##### Dataset excerpts
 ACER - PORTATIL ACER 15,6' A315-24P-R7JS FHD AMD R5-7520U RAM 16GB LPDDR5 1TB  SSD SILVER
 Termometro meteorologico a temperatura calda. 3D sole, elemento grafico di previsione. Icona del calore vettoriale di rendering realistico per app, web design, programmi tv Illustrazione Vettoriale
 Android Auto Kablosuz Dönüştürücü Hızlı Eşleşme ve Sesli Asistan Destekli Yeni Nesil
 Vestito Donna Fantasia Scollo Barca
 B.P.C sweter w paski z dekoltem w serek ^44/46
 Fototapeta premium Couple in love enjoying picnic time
##########
##### Dataset excerpts
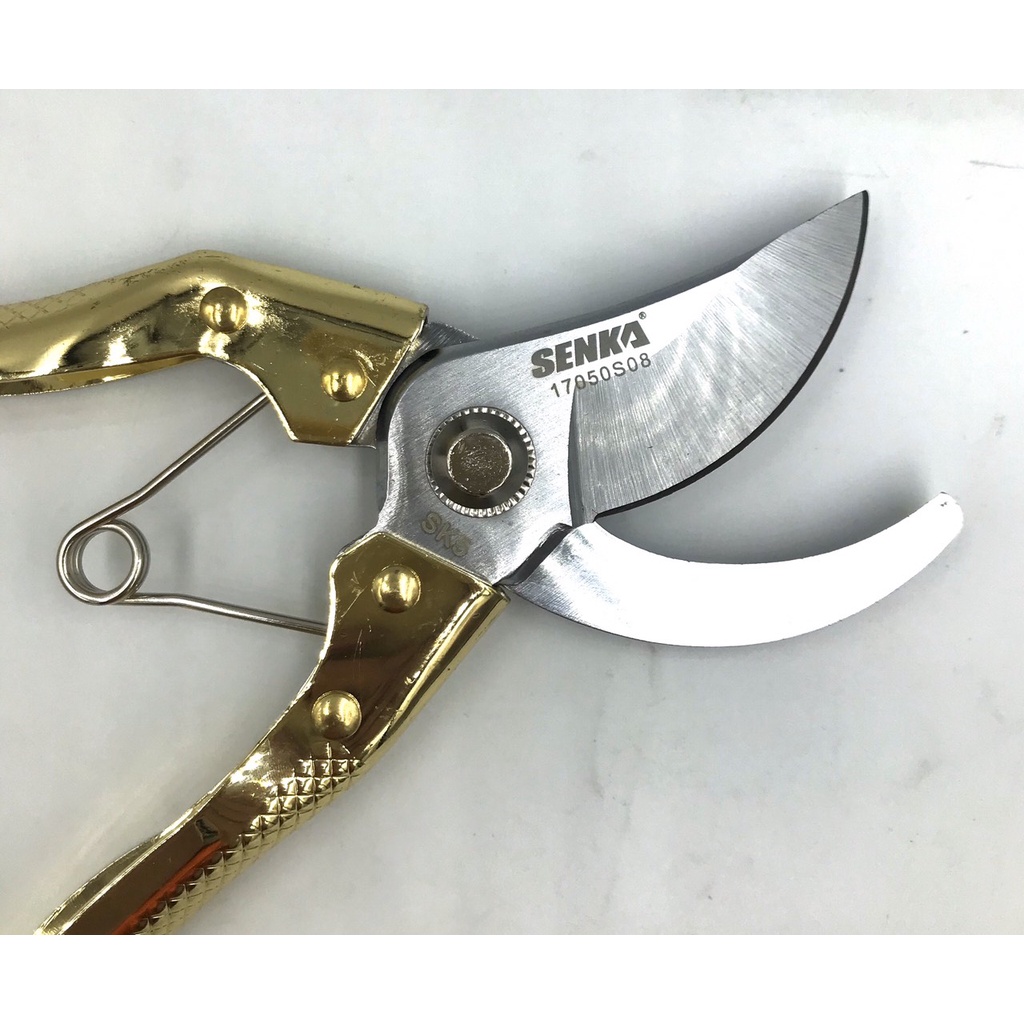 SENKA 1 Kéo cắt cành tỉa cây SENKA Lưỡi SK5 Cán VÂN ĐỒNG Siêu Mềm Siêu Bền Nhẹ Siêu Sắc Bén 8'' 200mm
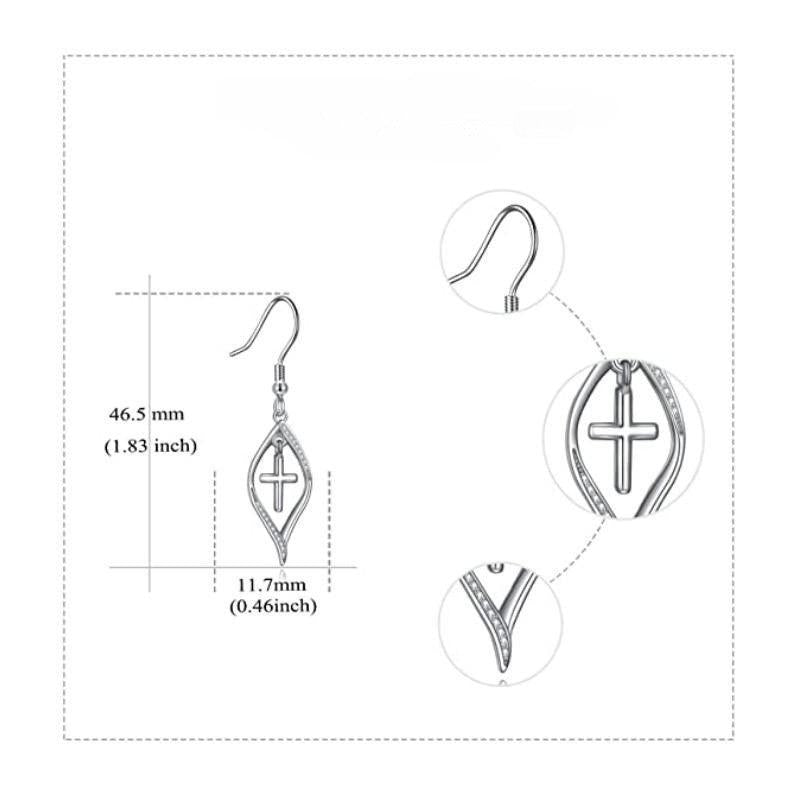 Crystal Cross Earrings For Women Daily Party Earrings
##########
**Task details:** Retype exactly the lines above, from the one with "Termometro meteorologico a" through the one with "Fototapeta premium Couple", inclusive.

**Response:**
 Termometro meteorologico a temperatura calda. 3D sole, elemento grafico di previsione. Icona del calore vettoriale di rendering realistico per app, web design, programmi tv Illustrazione Vettoriale
 Android Auto Kablosuz Dönüştürücü Hızlı Eşleşme ve Sesli Asistan Destekli Yeni Nesil
 Vestito Donna Fantasia Scollo Barca
 B.P.C sweter w paski z dekoltem w serek ^44/46
 Fototapeta premium Couple in love enjoying picnic time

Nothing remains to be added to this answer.